The Congressional Black Caucus is holding their annual conference in Washington, D.C. this week. The AFRO is reprinting this 1971 article about the founding members of the Black Caucus meeting with President Richard Nixon, one of the first actions the group took.
By Ruth Jenkins
April 3, 1971
Washington-A historic meeting and a historic date were combined in the 95-minute session which the Congressional Black Caucus spent with President Nixon last Thursday discussing “the harsh conditions under which too many poor, black and other oppressed Americans are forced to live.”
They submitted to the President 60 recommendation for “persistent and far-reaching action” toward changing these conditions and set the historic date of May 17 as the deadline for Mr. Nixon to report progress along these lines to them and the nation.
May 17 was the date in 1954 when the Supreme Court outlawed racial segregation in public schools. This date in the words of Rep. Charles C. Diggs, of Michigan, chairman of the Black Caucus, “ushered in a new era of racial revolution.”
The Black Caucus is made up of the 12 black members of the House of Representatives. They happen to be Democrats, but point out that their interests and concerns in this case are non-partisan. In addition to Cong. Diggs, they are:
Augustus F. Hawkins of California, who serves as vice chairman; Charles B. Rangel of New York, secretary; Shirley Chisholm of New York; Louis Stokes of Ohio; George W. Collins of Illinois; John Conyers Jr. of Michigan; Ronald V. Dellums of California; Parren Mitchell of Maryland and Robert N. C. Nix of Pennsylvania.
By special invitation of President Nixon, the Rev. Walter Fauntroy participated in the discussions. He was elected Tuesday as a non-voting delegate to the Congress from the District of Columbia.

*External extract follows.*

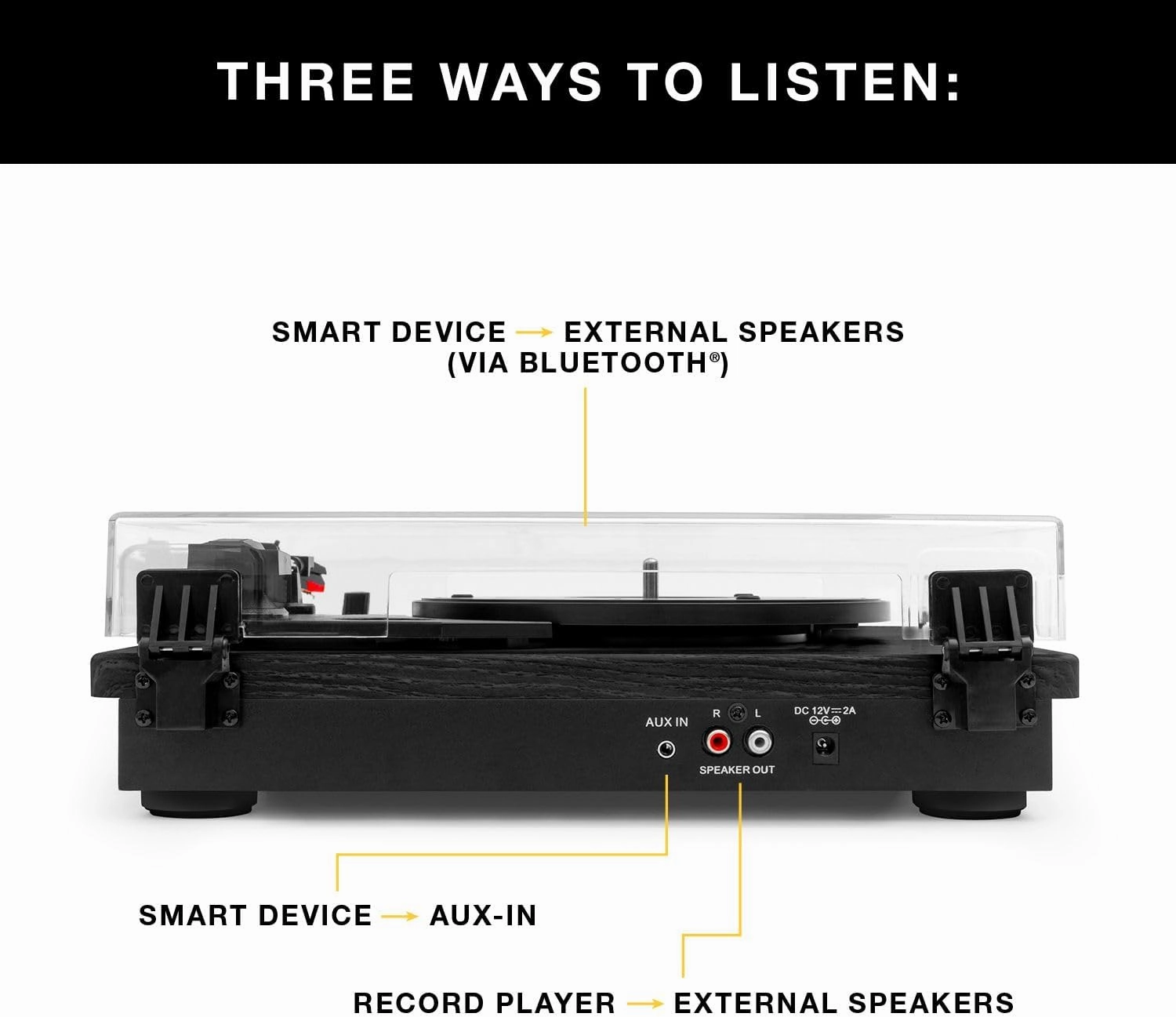 Victrola Montauk Vinyl Record Player, 3-Speed Belt Driven Turntable with Stereo Bluetooth Speaker Pair, RCA Output & 3.5mm Headphone Jack, Removable Dust Cover, Black Wood Finish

They called it “historic” and said Mr. Nixon used the word “worthwhile” referring to this meeting which came from fruition after a 14-month delay, establishing a dialogue with the Administration which they hope will be continuous.
They said, “He listened but we don’t know if he heard. If he didn’t hear, both his administration and the country will suffer.”
They told Mr. Nixon that their recommendations represent not only their own deep concerns, but the expressed concerns of organizations and individuals from all over the country.
They said, “Our people are no longer asking for equality as a rhetorical promise. They are demanding from the national Administration and from elected officials without regard to party affiliation, the only kind of equality that ultimately has any real meaning—equality of results.”
In their recommendations, the congressmen focused attention on executive action that can be taken immediately.
“Some could be taken today,” they pointed out, and “certainly by May 17.”
Rep. Mitchell said that two utterances by President Nixon had struck the group profoundly.
First when he told them, “If I were you, I would be doing the same thing. Coming here, fighting for the rights of black people,” and secondly when he candidly admitted that black America long has been and still is being treated unfairly.